Role-dependent strategies and counterparts

Spec.Strategy.withRoles is the prover / focal party: owned nodes are effectful move/continuation packages, while non-owned nodes respond to the other party's move. Spec.Counterpart is the dual type. withRolesAndMonads and runWithRolesAndMonads extend this with per-node BundledMonad data from MonadDecoration.

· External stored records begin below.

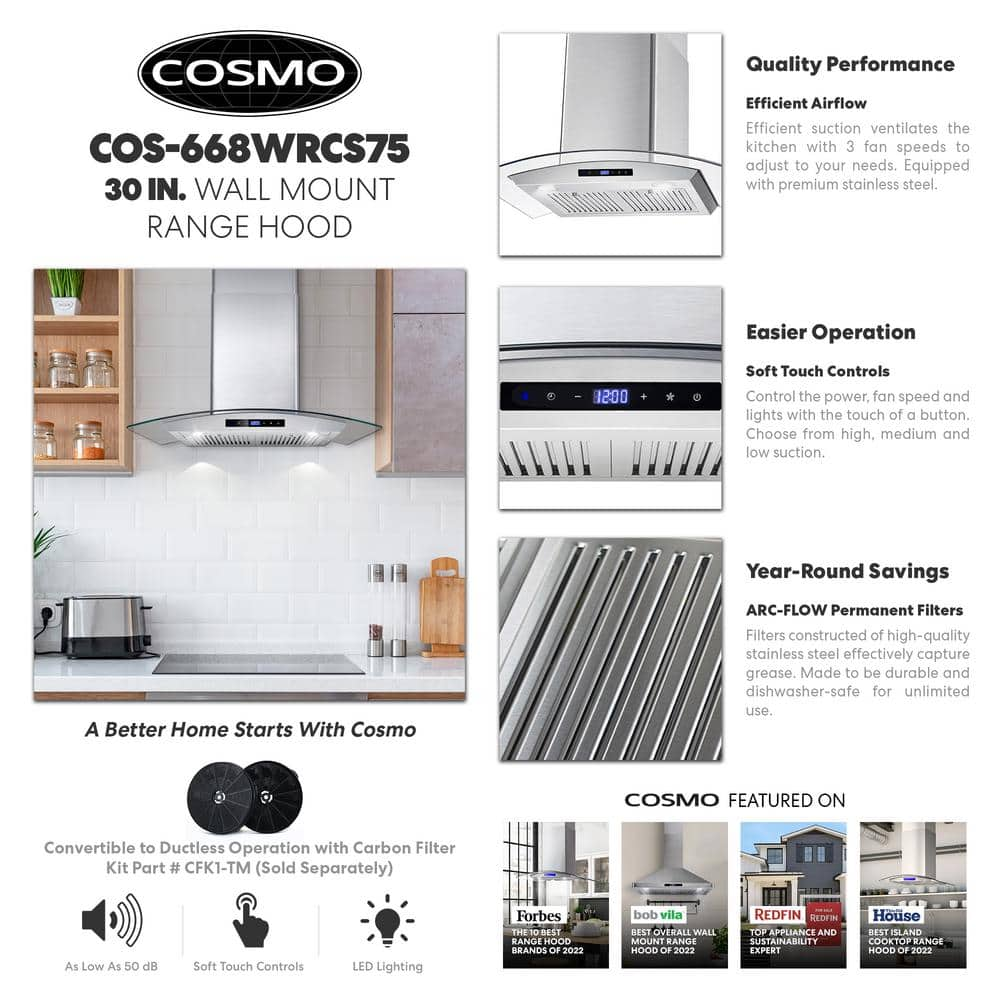 Cosmo 30 in Ducted Wall Mount Range Hood in Stainless Steel with Touch Controls LED Lighting and Permanent Filters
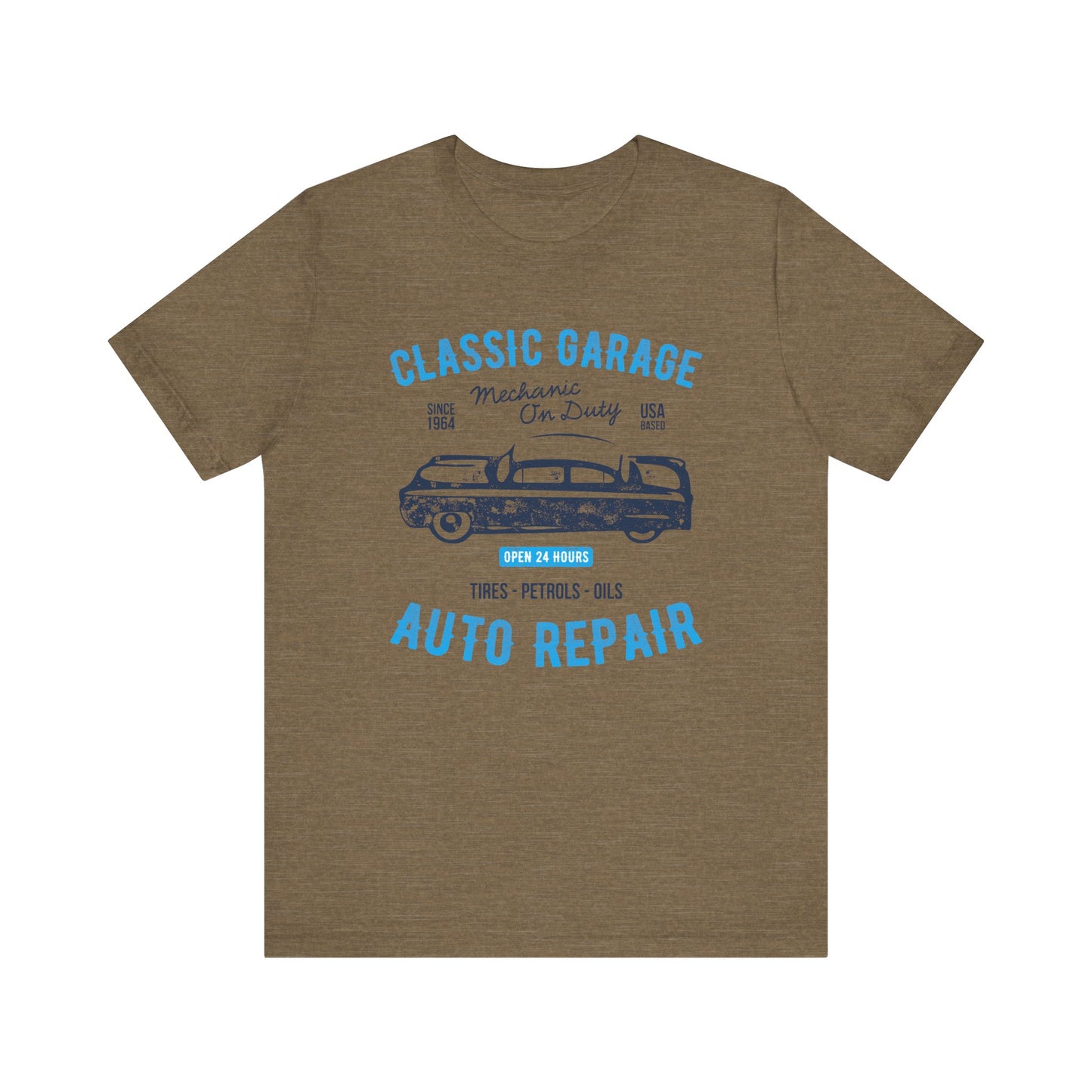 Unisex Jersey Short Sleeve Tee Classic Garage Auto Repair Blue Print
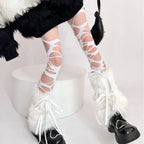 Gothic Black Fur Rabbit Sock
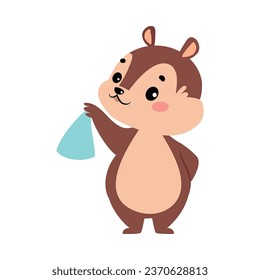 Funny Chipmunk Character with Cute Snout Waving Handkerchief Vector Illustration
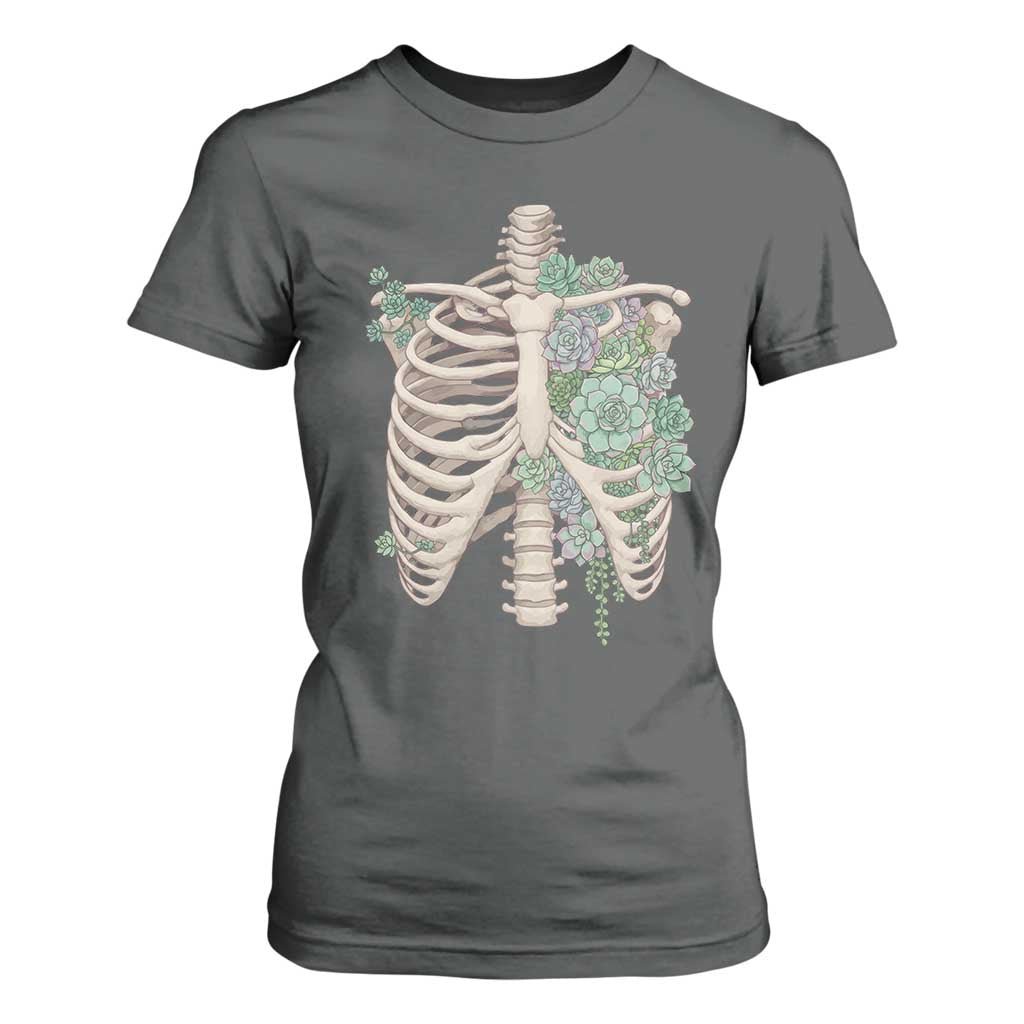 Succulent Body Skeleton T Shirt For Women Creepy Plant Lover Gift TS12 Dark Heather Print Your Wear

This module also contains the public-coin specialization needed for verifier-side Fiat-Shamir. The ordinary Counterpart type is the right shape for execution, but at receiver nodes it hides the continuation behind an opaque monadic sample. Spec.PublicCoinCounterpart refines that node shape to expose:

• sample : m X — how the next public challenge is chosen
• next : (x : X) → ... — how the rest of the verifier depends on that challenge

This makes transcript replay definable without changing the core two-party interaction model.

inductive Interaction.Spec.ParticipantBase : Type

• focal : ParticipantBase
• counterpart : ParticipantBase

@[implicit_reducible]

instance Interaction.Spec.instDecidableEqParticipantBase : DecidableEq ParticipantBase

structure Interaction.Spec.Participant : Type u

• tag : ParticipantBase
• lift : ULift PUnit

def Interaction.Spec.instDecidableEqParticipant.decEq (x✝ x✝¹ : Participant) : Decidable (x✝ = x✝¹)

@[implicit_reducible]

instance Interaction.Spec.instDecidableEqParticipant : DecidableEq Participant

def Interaction.Spec.Participant.focal : Participant

def Interaction.Spec.Participant.counterpart : Participant

def Interaction.Spec.pairedSyntax (m : Type u → Type u) : SyntaxOver Participant fun (x : Type u) => Role

def Interaction.Spec.pairedMonadicSyntax : SyntaxOver Participant RolePairedMonadContext

@[reducible, inline]

abbrev Interaction.Spec.Strategy.withRoles (m : Type u → Type u) (spec : Spec) (roles : RoleDecoration spec) (Output : spec.Transcript → Type u) : Type u

Focal strategy: Role.Action at each decorated node (choose vs. respond).

@[simp]

theorem Interaction.Spec.Strategy.withRoles_done {m : Type u → Type u} {Output : PUnit → Type u} : withRoles m done PUnit.unit Output = Output PUnit.unit

@[simp]

theorem Interaction.Spec.Strategy.withRoles_sender_eq {m : Type u → Type u} {X : Type u} {rest : X → Spec} {rRest : (x : X) → RoleDecoration (rest x)} {Output : (node X rest).Transcript → Type u} : withRoles m (node X rest) (Role.sender, rRest) Output = m ((x : X) × withRoles m (rest x) (rRest x) fun (tr : (rest x).Transcript) => Output ⟨x, tr⟩)

@[simp]

theorem Interaction.Spec.Strategy.withRoles_receiver_eq {m : Type u → Type u} {X : Type u} {rest : X → Spec} {rRest : (x : X) → RoleDecoration (rest x)} {Output : (node X rest).Transcript → Type u} : withRoles m (node X rest) (Role.receiver, rRest) Output = ((x : X) → m (withRoles m (rest x) (rRest x) fun (tr : (rest x).Transcript) => Output ⟨x, tr⟩))

@[reducible, inline]

abbrev Interaction.Spec.CounterpartFamily (Sender Receiver : (X : Type u) → (X → Type u) → Type u) (spec : Spec) (roles : RoleDecoration spec) (Output : spec.Transcript → Type u) : Type u

A generic counterpart family parameterized by separate sender- and receiver-side node representations.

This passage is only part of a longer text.